Brown, who wrote “The Essential Smart Football” and contributes football analytics pieces to websites like ESPN.com’s Grantland, was intrigued by Kirkpatrick’s quote and decided to examine his claims further.
“Some fairly questioned whether this was hyperbole – How do you not teach defensive backs to backpedal?” Brown wrote. “But this is something Saban very specifically has chosen not to do.”
Brown told an anecdote from Saban’s coaching time with the NFL’s Cleveland Browns and talks about how Saban adapted to fit the skill set of a slower cornerback he coached, Everson Walls. To counter his lack of speed, Saban developed a new strategy.
“Saban began teaching his now-famous ‘shuffle’ technique, rather than the traditional backpedal,” Brown wrote. “Essentially, it is a three-step shuffle technique, at which point the defensive back may break on a short route or can turn and run and play the receiver down the field.”
Alabama’s defensive backs are often in press coverage and play closer to the line, a strategy more adept to the quick shuffle rather than a backpedal.
But does Saban still use that technique today?
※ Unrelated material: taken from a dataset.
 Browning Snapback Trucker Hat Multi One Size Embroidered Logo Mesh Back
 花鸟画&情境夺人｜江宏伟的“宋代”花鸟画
He was asked about this during Monday’s news conference.
“They’re taught to backpedal. They all can backpedal,” he said. “You come to practice every day, they backpedal in individual, they backpedal sometimes on their plan. We play our corners up on people a lot, so sometimes they bail-off; sometimes they play bump-and-run. Sometimes they get off and backpedal.
“I just think that we’re just not philosophically in to playing a lot of soft coverage, where you line seven, eight or nine yards off a guy and give him a lot of easy throws in front; but we do teach them how to backpedal. We teach them how to plant and drive out of a backpedal. There are coverages that we have where our corners do play off, that’s just not philosophically how we play most of the time.”
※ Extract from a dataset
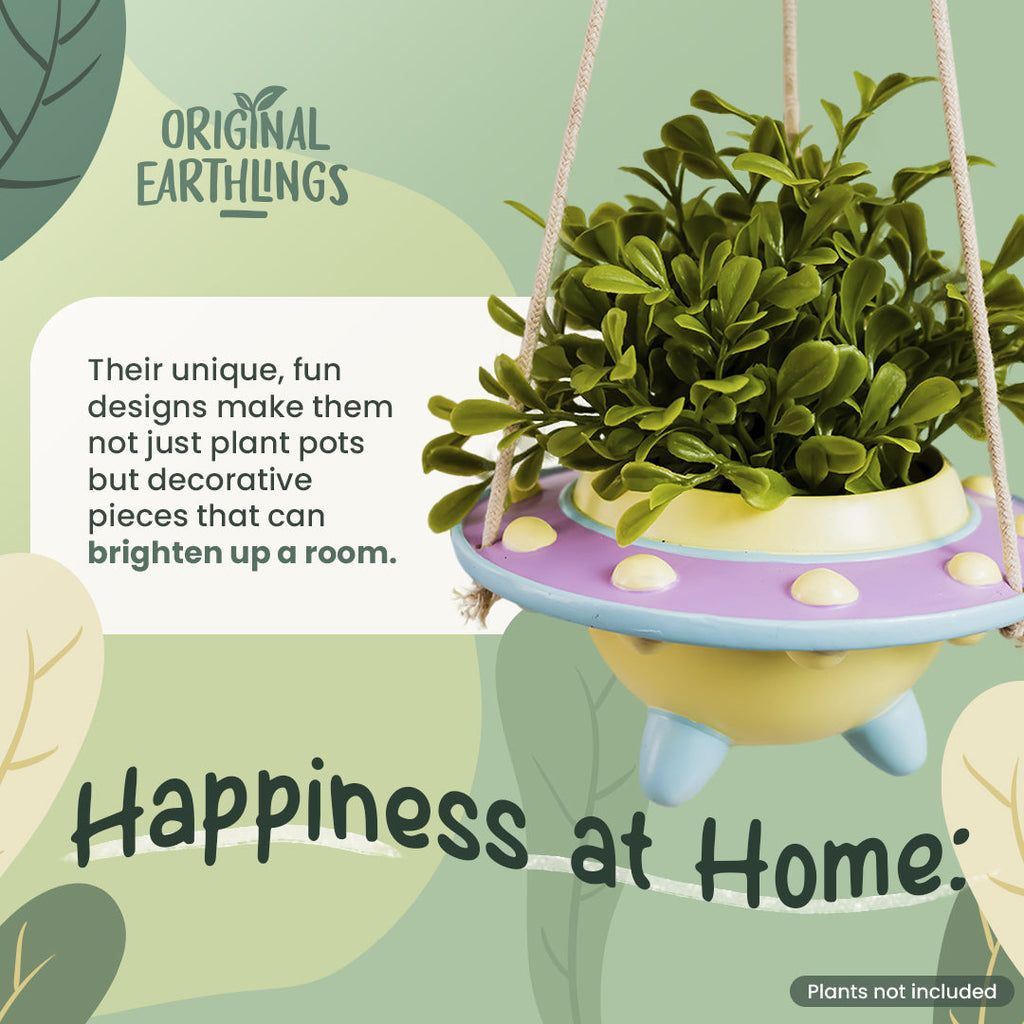 Rosie: UFO Hanging Plant Pot by originalearthlings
Safety HaHa Clinton-Dix was asked a similar question about what Kirkpatrick said and whether he was taught to backpedal. His answer seemed to confirm what Saban said – that the defensive backs do learn to backpedal, but Saban plays his defenders closer to the line than most teams, so they don’t have as much room to do so.
“I have no take on that – what went on with Dre Kirkpatrick in Cincinnati. I really don’t know anything about that,” Clinton-Dix said. “We do backpedal in practice, so I don’t know exactly where that came from.”
As for whether Saban himself was taught to backpedal as a cornerback at Kent State?
“And I can backpedal,” he joked. “I backpedaled when I played, and I can still backpedal – and cover – somebody.”